Faculty of Health and Medical Sciences, Copenhagen University, Copenhagen, Denmark.
Department of Radiology and Nuclear Medicine, Hospital of South West Jutland, University Hospital of Southern Denmark, Esbjerg, Denmark; Department of Regional Health Research, Faculty of Health Sciences, University of Southern Denmark, Odense, Denmark.
Eur J Radiol. 2022 Jan;146:110073. doi: 10.1016/j.ejrad.2021.110073. Epub 2021 Nov 24.
To compare the diagnostic accuracy of convolutional neural networks (CNN) with radiologists as the reference standard in the diagnosis of intracranial hemorrhages (ICH) with non contrast computed tomography of the cerebrum (NCTC).
PubMed, Embase, Scopus, and Web of Science were searched for the period from 1 January 2012 to 20 July 2020; eligible studies included patients with and without ICH as the target condition undergoing NCTC, studies had deep learning algorithms based on CNNs and radiologists reports as the minimum reference standard. Pooled sensitivities, specificities and a summary receiver operating characteristics curve (SROC) were employed for meta-analysis.

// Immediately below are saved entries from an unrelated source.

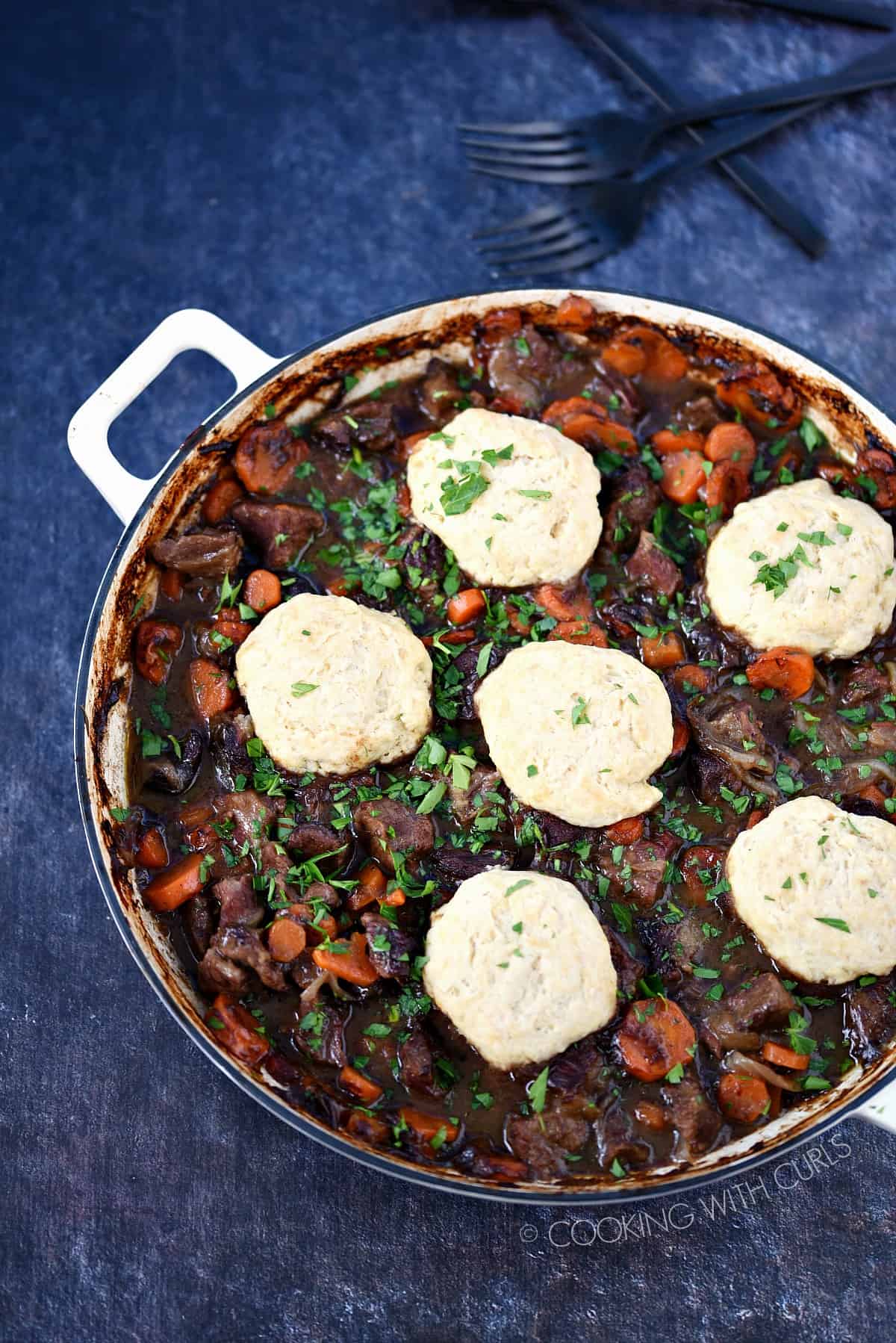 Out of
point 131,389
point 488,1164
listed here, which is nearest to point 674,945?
point 488,1164

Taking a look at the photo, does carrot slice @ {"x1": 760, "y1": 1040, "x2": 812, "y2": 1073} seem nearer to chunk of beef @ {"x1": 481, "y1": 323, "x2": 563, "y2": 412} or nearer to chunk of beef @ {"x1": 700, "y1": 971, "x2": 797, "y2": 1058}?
chunk of beef @ {"x1": 700, "y1": 971, "x2": 797, "y2": 1058}

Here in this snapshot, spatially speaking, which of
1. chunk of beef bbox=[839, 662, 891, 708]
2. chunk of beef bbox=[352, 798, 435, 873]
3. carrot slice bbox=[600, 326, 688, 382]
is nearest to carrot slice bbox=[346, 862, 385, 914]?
chunk of beef bbox=[352, 798, 435, 873]

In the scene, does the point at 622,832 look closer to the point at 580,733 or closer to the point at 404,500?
the point at 580,733

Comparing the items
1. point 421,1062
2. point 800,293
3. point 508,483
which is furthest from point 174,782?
point 800,293

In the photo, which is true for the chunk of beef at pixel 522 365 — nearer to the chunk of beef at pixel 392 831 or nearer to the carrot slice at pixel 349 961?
the chunk of beef at pixel 392 831

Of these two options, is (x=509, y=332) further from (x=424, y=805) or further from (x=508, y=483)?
(x=424, y=805)

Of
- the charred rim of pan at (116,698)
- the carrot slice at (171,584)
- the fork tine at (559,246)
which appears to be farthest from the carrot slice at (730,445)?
the carrot slice at (171,584)

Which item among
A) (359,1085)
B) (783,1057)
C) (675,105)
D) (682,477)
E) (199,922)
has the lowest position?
(783,1057) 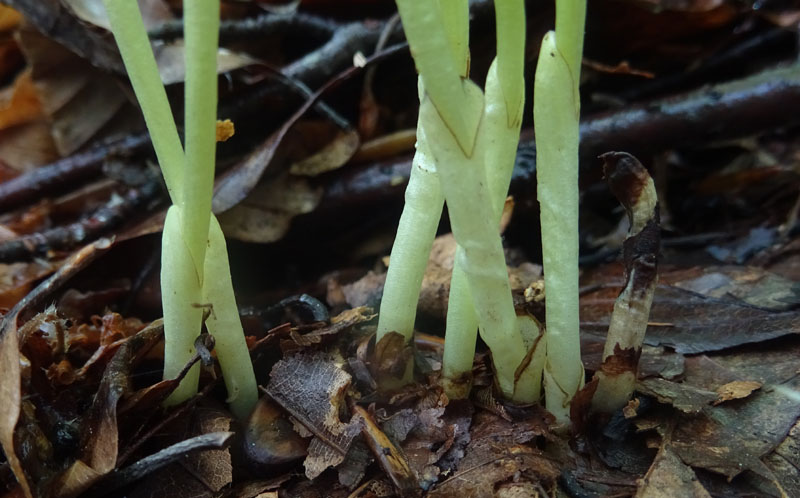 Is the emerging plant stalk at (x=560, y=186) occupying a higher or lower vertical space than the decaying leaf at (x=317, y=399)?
higher

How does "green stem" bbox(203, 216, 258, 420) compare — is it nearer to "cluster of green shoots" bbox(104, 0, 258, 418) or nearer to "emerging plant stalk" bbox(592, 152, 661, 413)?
"cluster of green shoots" bbox(104, 0, 258, 418)

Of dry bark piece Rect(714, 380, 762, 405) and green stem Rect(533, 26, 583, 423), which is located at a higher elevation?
green stem Rect(533, 26, 583, 423)

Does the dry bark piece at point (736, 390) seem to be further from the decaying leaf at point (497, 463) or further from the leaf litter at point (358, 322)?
the decaying leaf at point (497, 463)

5,119 records were identified through database searching. Title-screening left 47 studies for full-text assessment and 6 studies for meta-analysis. Comparing the CNN performance to reference standards in the retrospective studies found a pooled sensitivity of 96.00% (95% CI: 93.00% to 97.00%), pooled specificity of 97.00% (95% CI: 90.00% to 99.00%) and SROC of 98.00% (95% CI: 97.00% to 99.00%), and combining retrospective and studies with external datasets found a pooled sensitivity of 95.00% (95% CI: 91.00% to 97.00%), pooled specificity of 96.00% (95% CI: 91.00% to 98.00%) and a pooled SROC of 98.00% (95% CI: 97.00% to 99.00%).
This review found the diagnostic performance of CNNs to be equivalent to that of radiologists for retrospective studies. Out-of-sample external validation studies pooled with retrospective studies found CNN performance to be slightly worse. There is a critical need for studies with a robust reference standard and external data-set validation.
比较卷积神经网络(CNN)与放射科医生作为参考标准在非对比性大脑计算机断层扫描(NCTC)诊断颅内出血(ICH)中的诊断准确性。
检索 2012 年 1 月 1 日至 2020 年 7 月 20 日期间的 PubMed、Embase、Scopus 和 Web of Science,纳入研究对象为患有和不患有 ICH 的患者,目标条件为接受 NCTC,研究采用基于 CNN 的深度学习算法和放射科医生报告作为最低参考标准。采用合并敏感性、特异性和综合受试者工作特征曲线(SROC)进行荟萃分析。
通过数据库检索共识别出 5119 条记录。经标题筛选,有 47 项研究进入全文评估,6 项研究进行荟萃分析。在回顾性研究中,将 CNN 与参考标准进行比较,发现合并敏感性为 96.00%(95%CI:93.00%至 97.00%),合并特异性为 97.00%(95%CI:90.00%至 99.00%),SROC 为 98.00%(95%CI:97.00%至 99.00%),合并回顾性研究和具有外部数据集的研究发现,合并敏感性为 95.00%(95%CI:91.00%至 97.00%),合并特异性为 96.00%(95%CI:91.00%至 98.00%),SROC 为 98.00%(95%CI:97.00%至 99.00%)。
本综述发现,CNN 的诊断性能与放射科医生的诊断性能相当,适用于回顾性研究。纳入回顾性研究和具有外部数据集的研究的汇总发现,CNN 的性能略差。迫切需要具有稳健参考标准和外部数据集验证的研究。